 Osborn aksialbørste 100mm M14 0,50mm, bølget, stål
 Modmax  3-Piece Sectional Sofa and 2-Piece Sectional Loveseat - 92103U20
━━━━
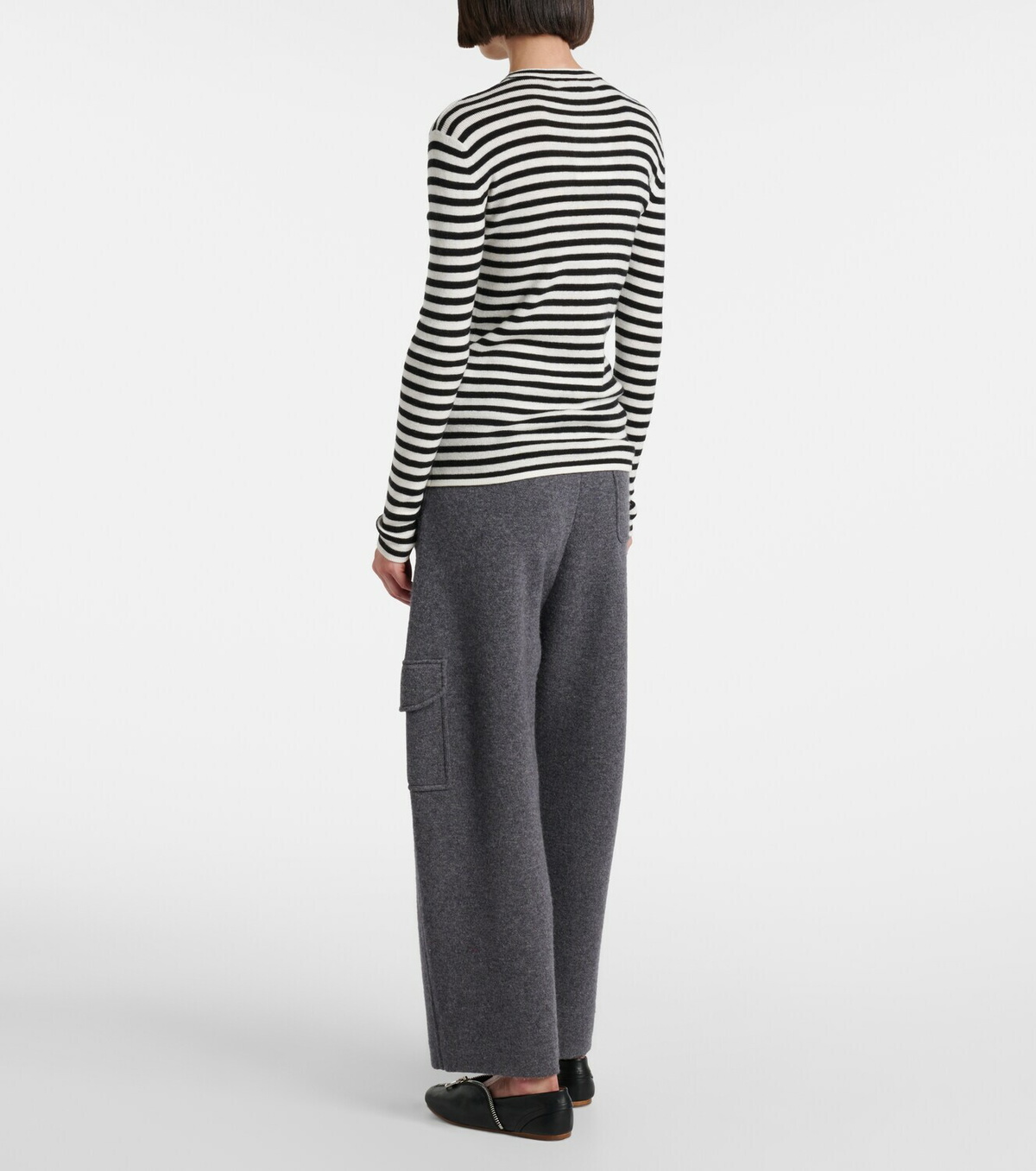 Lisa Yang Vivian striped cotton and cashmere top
━━━━
**Prompt:**
Could you write out, exactly as they stand, only the lines above that begin at the line with "Osborn aksialbørste 100mm" and stop after the line with "Loveseat - 92103U20"?

**Task output:**
 Osborn aksialbørste 100mm M14 0,50mm, bølget, stål
 Modmax  3-Piece Sectional Sofa and 2-Piece Sectional Loveseat - 92103U20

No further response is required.